*** Given information ***
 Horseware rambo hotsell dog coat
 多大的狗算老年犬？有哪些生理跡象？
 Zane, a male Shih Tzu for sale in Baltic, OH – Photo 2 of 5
*** End of Given information ***
How to complete this task: Reproduce all of the data exactly as given.

Written solution:
 Horseware rambo hotsell dog coat
 多大的狗算老年犬？有哪些生理跡象？
 Zane, a male Shih Tzu for sale in Baltic, OH – Photo 2 of 5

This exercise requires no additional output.